Аннушка в этом не нуждалась. Не нуждалась она и в свидетелях, и в собеседниках: ей было достаточно разговаривать с собой вслух.
— Вот он вернётся, увидит всё и поймёт, что все прежние невесты были как одна неряхи и распустёхи, — говорила она. — И в нём сразу же произойдут разительные перемены: он просветлеет взором, снимет латы и предстанет во всей красе. Но первым делом я его заставлю побриться. Только боюсь, что обычным лезвием тут не обойтись — придётся его щетину перекусывать кузнечными клещами... Ой, я, наверное, сейчас страшная, как чума!
Но ни подтвердить, ни опровергнуть свои предположения красавица так и не смогла: на стенах не было ни единого зеркала.
— Поди, какая-нибудь его уродина со злости переколотила! — решила девушка. — Вечно эти мужики женятся на ком попало, а потом жалуются! Ну да со мной такое не пройдёт! Не допущу! Не каждый день меня взаправдашние рыцари спасают!
Тут Аннушка сама себе приврала: ведь спас её вовсе не синебородый жених, а неурочный ливень, но какая, в конце концов, разница! Может, он по дороге-то, покуда она в беспамятстве пребывала, кучу людоедов порубал? Да ведь наверняка и порубал — как же без этого?
— Возвращайся скорей, мой сердечный друг! — взывала она в окошко. — Да, теперь бы просушить это всё...
Вот насчёт просушить оказалось сложнее.
Аннушка не помнила, как оказалась в замке, и почему-то не подумала про дверь. И даже не обратила внимания, куда именно вышел, попрощавшись с ней, благородный шевалье.
В стенах залы было множество дверей — в их числе и та, маленькая, запретная.
Но все они были заперты.
Тут настроение девушки резко переменилось:
— Ах ты, железяка ходячая! — воскликнула она. — Я тут пластаюсь, а он мне, видишь ли, не доверяет! Под замком держит! Вот удавлюсь косой, тогда узнает! Ничего, связка-то у меня... Видно, он просто запер дверь по привычке... Бывает... А если не по привычке? Если он меня томить тут собирается? А потом, после свадьбы, заставит ещё железные штанцы для верности напялить?

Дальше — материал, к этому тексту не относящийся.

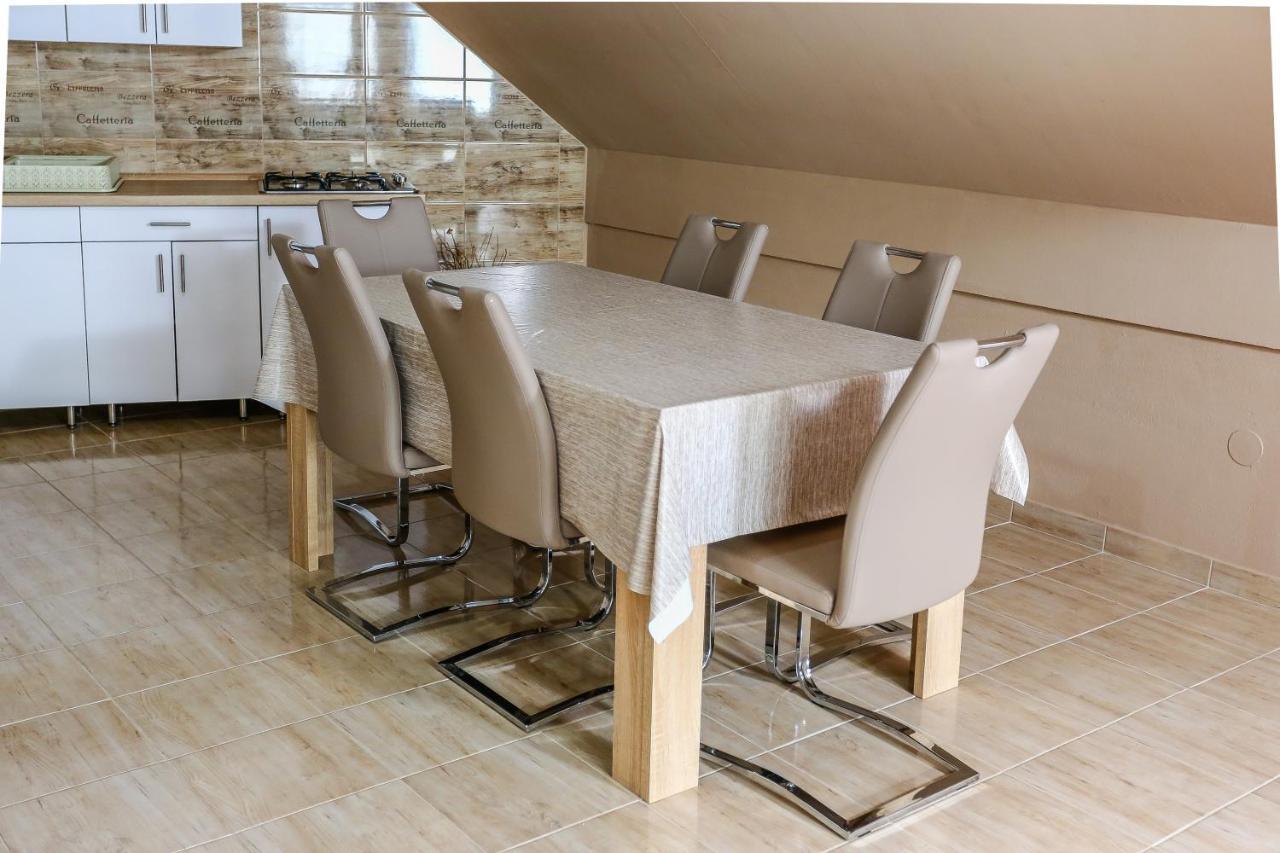 Szekszárd Gardi Apartman מראה חיצוני תמונה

Про железные штанцы для верности рассказывал ей в детстве забубённый гувернёр.
И Аннушка подошла к первой попавшейся двери и стала подбирать к ней ключ. При этом она незаметно для себя ругалась на Синюю Бороду, как ругался по утрам папенька, разыскивая припрятанную от него бутыль с брагой.
Ключ наконец подошёл. Но лучше бы не подходил...

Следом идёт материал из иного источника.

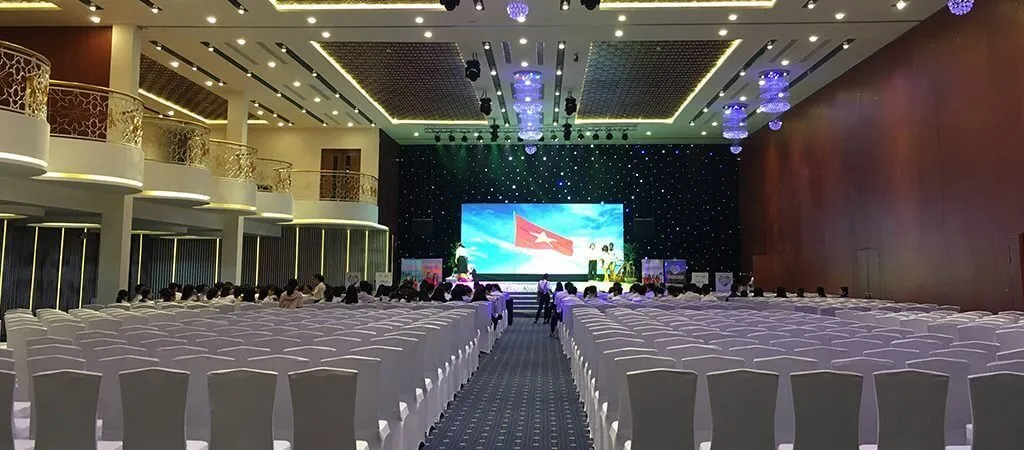 Trung tâm hội nghị là gì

...Когда девушка пришла в себя, солнце всё-таки склонилось к вечеру. Аннушка захлопнула страшную комнату, провернула ключ на три оборота, сняла его со связки и бросила в корыто.
— Вот, значит, как, — прошипела она. — Вот, значит, как тут с женщинами обходятся! Да он хуже всякого людоеда! Людоед хоть с пользой людей расходует: солит, коптит... Может, выход рядом?

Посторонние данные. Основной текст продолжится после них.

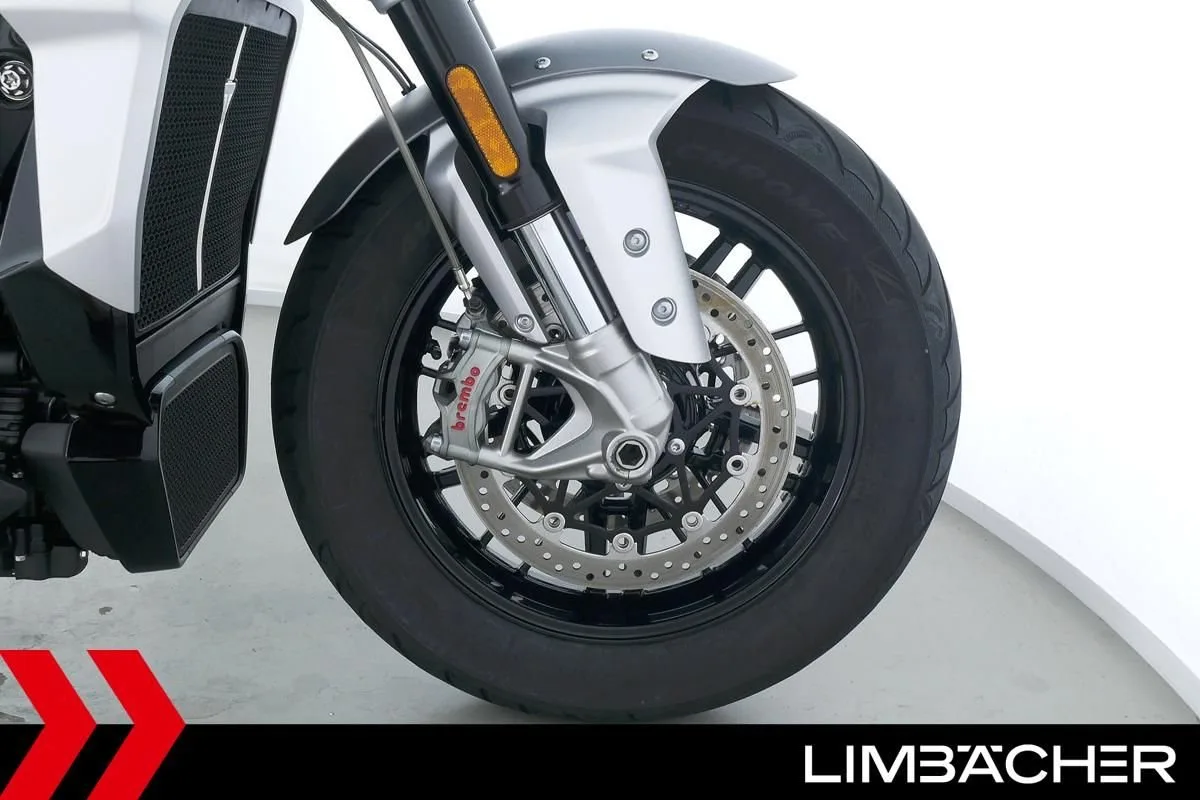 Triumph Rocket 3 R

Но рядом был не выход, а такой же ужас. Аннушка решительно сняла со связки заветный серебряный ключик.
— Дурочку нашёл! Думал, я испугаюсь! Только ты какой-то неправильный злодей — сильно глупый... Тебе бы в эти комнаты напихать золота, серебра, нарядов да цацек всяких, да зеркал навешать — я бы три дня примеркам предавалась и себя от счастья не помнила. А уж покойниц бы стаскал в запретную комнату... Значит, это и не комната вовсе! Значит, там и есть выход! Эх, зря я столько времени на уборку потратила! Тебе бы, извергу, во щи на столе нагадить, только девичий стыд не позволяет — твоё счастье...
Серебряный ключик звонко провернулся в замке.
Маленькая железная дверь распахнулась.
Прежних жён Синей Бороды там не было, но не было и выхода на волю.
Освещенный настенными факелами коридор уходил куда-то во мрак.
«Страшно, — подумала девушка. — А я безоружна. Ножик, что ли, взять?»